No one ever told me that my bones were in danger of melting. It was something I intuited to be true; something I believed from the moment I could have coherent thoughts, which seemed simultaneously unutterable and universally-understood. Just as we were not supposed to talk about how babies were born (it obviously was gross and had to do with the belly button), I felt deep inside that we were also not supposed to talk about how everyone's feet came to inevitably melt from the inside.
Now, I get that this logic is broken. For one thing, while I have met literally hundreds of babies, I have not met a single person who has suffered from melted bones. But it didn't matter. My brain gave me this version of truth, and I believed it well into adulthood.
Here are other things I thought were true:
I believed that when you put the dishes in the dishwasher, they swirled around in there just like clothes in the washing machine, and somehow knew how to get just where they had been placed by the end of the wash.

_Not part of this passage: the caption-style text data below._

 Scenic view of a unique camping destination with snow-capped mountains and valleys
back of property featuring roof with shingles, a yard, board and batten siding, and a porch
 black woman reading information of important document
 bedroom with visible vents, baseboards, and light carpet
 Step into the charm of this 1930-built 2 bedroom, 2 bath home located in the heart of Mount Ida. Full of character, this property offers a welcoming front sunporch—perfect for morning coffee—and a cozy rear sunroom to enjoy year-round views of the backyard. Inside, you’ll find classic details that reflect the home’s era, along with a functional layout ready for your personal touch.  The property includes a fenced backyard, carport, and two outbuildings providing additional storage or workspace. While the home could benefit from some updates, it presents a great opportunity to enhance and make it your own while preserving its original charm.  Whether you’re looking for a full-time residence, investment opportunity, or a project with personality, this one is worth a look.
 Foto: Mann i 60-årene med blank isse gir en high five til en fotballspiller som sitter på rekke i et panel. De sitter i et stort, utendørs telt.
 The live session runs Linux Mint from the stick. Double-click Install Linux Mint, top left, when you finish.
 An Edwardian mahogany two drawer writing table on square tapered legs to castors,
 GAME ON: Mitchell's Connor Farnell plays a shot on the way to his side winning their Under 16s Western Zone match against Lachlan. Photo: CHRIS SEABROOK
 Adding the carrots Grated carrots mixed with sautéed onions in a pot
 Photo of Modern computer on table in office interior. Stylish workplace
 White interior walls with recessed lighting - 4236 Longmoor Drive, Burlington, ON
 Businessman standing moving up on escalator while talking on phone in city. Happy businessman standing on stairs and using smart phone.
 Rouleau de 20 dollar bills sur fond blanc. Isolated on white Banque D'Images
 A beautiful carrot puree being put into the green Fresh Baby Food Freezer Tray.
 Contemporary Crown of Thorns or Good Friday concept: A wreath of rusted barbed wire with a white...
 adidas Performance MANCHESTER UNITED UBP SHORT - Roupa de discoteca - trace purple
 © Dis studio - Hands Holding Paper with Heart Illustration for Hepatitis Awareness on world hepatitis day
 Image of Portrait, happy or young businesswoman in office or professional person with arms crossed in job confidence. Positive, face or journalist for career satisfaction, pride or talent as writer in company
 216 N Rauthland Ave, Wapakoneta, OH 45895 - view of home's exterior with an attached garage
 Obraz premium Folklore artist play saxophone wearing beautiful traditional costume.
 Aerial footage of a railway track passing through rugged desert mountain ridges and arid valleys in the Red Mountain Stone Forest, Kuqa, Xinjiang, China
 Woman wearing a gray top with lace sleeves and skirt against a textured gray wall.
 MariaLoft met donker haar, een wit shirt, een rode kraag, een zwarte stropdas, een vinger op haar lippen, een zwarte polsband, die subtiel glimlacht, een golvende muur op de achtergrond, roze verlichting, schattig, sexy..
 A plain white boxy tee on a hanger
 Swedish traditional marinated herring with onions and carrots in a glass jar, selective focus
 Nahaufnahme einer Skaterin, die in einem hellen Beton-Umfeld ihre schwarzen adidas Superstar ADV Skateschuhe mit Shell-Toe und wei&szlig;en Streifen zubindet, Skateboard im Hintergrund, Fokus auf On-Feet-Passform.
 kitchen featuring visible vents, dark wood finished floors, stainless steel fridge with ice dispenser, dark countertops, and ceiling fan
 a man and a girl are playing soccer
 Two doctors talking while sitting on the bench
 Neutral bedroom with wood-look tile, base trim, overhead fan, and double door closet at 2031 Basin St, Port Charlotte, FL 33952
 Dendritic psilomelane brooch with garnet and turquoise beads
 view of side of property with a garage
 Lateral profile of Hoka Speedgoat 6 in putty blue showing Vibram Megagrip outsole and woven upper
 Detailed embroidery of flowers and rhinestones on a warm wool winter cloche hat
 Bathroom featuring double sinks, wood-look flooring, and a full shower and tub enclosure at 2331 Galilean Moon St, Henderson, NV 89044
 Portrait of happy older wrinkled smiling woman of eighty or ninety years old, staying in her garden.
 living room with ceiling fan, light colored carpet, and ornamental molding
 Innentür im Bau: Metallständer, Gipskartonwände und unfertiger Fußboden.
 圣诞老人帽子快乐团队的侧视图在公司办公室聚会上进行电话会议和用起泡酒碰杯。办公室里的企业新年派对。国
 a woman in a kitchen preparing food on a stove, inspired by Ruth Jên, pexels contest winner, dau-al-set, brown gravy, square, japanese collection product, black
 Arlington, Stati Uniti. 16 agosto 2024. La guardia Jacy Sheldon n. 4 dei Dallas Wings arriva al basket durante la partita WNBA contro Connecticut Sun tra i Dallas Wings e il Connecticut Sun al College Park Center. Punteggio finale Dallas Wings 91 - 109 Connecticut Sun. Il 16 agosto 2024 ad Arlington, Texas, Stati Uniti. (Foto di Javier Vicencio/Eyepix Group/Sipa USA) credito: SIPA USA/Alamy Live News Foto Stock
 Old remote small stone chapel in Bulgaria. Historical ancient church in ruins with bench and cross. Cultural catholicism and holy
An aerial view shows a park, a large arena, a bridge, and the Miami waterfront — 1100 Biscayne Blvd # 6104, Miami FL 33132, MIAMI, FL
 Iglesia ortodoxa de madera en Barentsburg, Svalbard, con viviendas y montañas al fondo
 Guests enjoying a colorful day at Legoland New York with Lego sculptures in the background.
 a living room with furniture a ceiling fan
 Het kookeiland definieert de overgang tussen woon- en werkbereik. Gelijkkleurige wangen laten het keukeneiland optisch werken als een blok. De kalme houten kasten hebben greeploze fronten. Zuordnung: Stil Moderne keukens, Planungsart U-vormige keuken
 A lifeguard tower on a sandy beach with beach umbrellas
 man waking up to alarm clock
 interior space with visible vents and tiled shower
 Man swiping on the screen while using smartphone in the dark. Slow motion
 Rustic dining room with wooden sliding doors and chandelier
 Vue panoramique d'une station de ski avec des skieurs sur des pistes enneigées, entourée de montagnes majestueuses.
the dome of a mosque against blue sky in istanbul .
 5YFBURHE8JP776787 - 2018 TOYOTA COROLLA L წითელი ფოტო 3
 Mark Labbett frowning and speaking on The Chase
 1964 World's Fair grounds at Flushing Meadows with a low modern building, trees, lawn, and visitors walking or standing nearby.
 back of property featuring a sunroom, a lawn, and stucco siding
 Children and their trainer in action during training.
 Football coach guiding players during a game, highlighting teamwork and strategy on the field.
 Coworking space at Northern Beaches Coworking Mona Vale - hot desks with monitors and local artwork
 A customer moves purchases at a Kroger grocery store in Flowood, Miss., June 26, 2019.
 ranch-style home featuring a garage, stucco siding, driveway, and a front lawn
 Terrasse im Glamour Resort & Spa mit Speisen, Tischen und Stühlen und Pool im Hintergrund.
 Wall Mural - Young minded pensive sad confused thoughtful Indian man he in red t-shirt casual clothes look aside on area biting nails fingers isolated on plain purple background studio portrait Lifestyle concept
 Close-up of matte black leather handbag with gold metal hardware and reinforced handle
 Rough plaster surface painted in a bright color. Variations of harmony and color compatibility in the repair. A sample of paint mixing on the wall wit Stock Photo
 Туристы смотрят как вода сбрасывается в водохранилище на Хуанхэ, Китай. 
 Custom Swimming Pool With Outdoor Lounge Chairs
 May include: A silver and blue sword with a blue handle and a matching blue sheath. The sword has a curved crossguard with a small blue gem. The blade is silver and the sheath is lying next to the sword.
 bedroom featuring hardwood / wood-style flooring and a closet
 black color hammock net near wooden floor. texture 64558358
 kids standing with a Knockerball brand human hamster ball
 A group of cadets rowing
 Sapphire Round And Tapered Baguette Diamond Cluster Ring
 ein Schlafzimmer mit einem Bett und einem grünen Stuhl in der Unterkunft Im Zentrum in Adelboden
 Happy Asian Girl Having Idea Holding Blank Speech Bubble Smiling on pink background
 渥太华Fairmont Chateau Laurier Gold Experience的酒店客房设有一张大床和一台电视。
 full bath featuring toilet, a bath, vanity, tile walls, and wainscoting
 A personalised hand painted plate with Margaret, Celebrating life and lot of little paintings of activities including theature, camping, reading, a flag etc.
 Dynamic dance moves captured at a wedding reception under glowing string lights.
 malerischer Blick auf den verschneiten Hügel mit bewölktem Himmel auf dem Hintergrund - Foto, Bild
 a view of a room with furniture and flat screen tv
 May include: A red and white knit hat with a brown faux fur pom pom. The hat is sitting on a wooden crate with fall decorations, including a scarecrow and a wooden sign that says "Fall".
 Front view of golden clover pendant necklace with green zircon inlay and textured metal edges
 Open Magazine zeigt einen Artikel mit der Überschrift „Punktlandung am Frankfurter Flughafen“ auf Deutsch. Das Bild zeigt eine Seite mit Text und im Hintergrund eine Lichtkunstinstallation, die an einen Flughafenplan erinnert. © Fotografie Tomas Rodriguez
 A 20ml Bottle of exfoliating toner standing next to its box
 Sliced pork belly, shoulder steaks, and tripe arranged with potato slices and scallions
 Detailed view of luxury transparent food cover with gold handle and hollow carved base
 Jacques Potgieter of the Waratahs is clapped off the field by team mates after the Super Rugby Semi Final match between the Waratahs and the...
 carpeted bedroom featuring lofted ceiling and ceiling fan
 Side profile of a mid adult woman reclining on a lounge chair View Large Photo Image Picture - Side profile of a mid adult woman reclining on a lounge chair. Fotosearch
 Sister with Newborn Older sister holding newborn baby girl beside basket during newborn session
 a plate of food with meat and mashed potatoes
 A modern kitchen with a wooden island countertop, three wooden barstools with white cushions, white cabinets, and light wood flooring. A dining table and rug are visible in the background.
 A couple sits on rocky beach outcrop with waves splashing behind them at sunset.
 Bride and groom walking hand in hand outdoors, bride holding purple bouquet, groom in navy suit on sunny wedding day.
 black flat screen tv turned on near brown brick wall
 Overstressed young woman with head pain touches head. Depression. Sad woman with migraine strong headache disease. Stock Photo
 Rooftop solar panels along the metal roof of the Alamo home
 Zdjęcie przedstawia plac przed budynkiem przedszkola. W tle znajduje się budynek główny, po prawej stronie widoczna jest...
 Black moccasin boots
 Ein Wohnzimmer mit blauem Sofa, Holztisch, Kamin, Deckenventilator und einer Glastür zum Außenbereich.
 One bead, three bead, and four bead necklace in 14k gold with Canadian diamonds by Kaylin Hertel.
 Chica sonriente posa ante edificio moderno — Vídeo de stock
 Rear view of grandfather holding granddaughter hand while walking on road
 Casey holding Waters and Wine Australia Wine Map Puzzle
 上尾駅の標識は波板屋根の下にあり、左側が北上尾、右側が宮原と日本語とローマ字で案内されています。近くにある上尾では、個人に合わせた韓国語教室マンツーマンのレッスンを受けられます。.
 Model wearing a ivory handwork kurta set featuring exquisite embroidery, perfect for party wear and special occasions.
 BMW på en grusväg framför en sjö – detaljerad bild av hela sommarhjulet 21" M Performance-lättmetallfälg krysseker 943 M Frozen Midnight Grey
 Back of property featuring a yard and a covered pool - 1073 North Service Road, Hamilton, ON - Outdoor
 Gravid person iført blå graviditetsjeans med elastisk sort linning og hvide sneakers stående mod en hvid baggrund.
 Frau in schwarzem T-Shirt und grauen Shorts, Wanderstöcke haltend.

That was how cups occasionally broke in there: they were swirling about too recklessly, and they clanked against another cup or a plate or something. Then they were terribly embarrassed, so they'd just return to their starting position, hoping no one would notice that they'd been cracked.
I believed that my mother got married because it was the legally mandated time for her to do so. Here is how I assumed this worked: Three men had signed up to marry my mom. There were probably way more than three who WANTED to sign up, but each woman could only have three men. Then the men sat down in thrones in a jewel-encrusted pyramid, and my mom showed up at her court-appointed pyramid time, probably wearing cool sunglasses and carrying a handbag. Then she interviewed the three men for a while, and at the end, she wrote down the name of her favorite, and that was her husband.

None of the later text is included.